[[ Dataset extract, beginning ]]
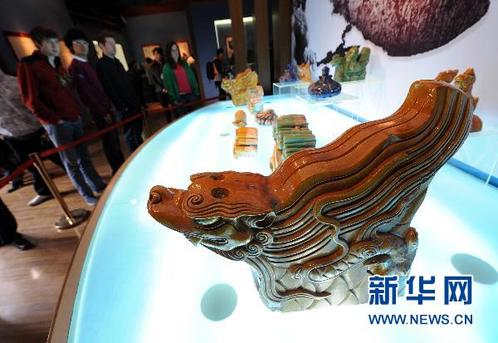 11月16日，一批外國觀眾在展臺前參觀圓明園琉璃建筑構件。新華社記者 孫參 攝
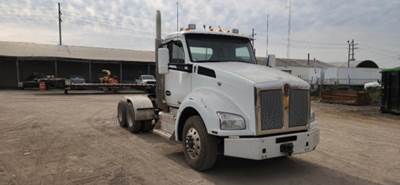 Kenworth T880 Day Cab Truck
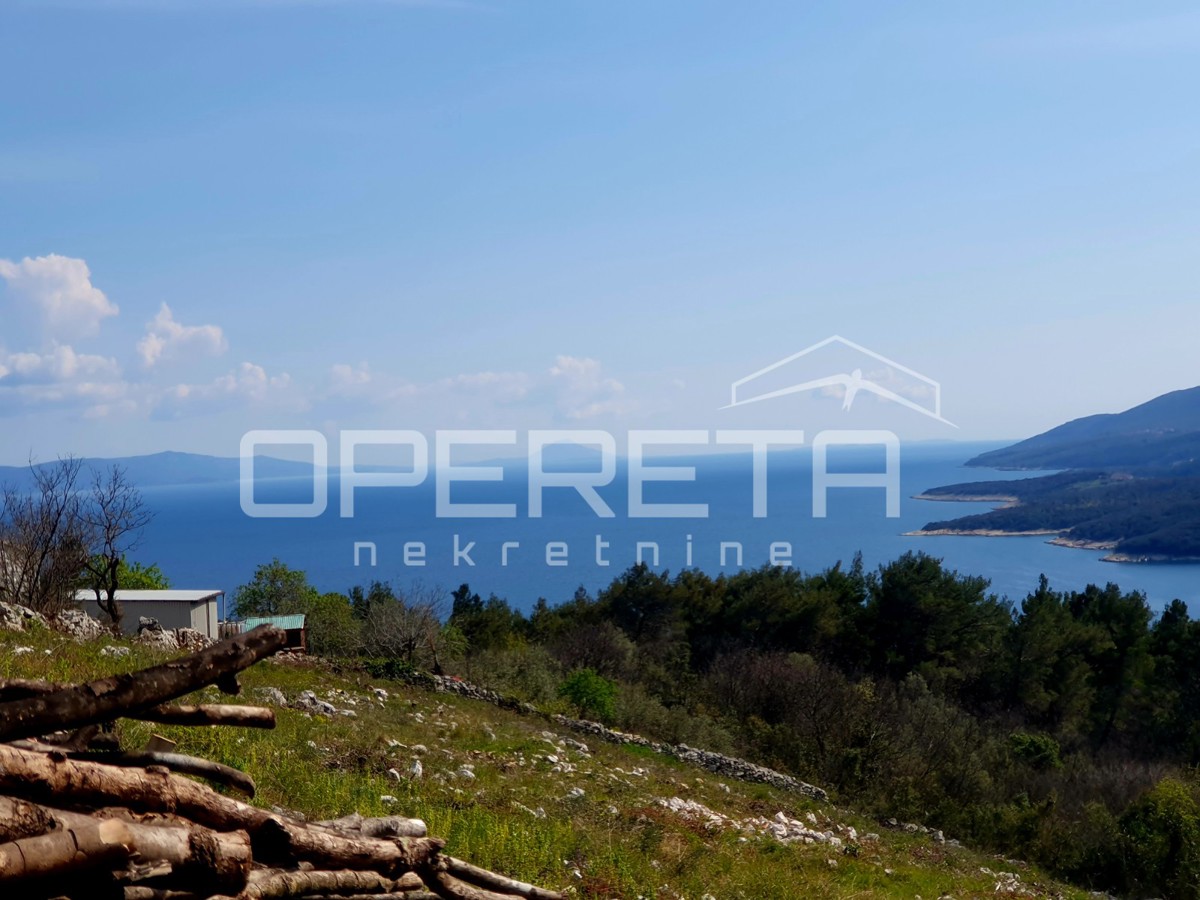 OPPORTUNITÀ – Terreno edificabile con vista aperta sul mare a Rabac, oltre 2.900 m²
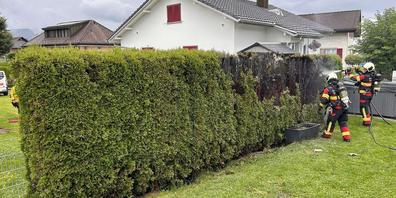 Polizei-Einsatz in Einsiedeln wegen einer brennenden Hecke.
[[ Dataset extract, end ]]
The expected output is the complete listing, word for word, without any picture.

 11月16日，一批外國觀眾在展臺前參觀圓明園琉璃建筑構件。新華社記者 孫參 攝
 Kenworth T880 Day Cab Truck
 OPPORTUNITÀ – Terreno edificabile con vista aperta sul mare a Rabac, oltre 2.900 m²
 Polizei-Einsatz in Einsiedeln wegen einer brennenden Hecke.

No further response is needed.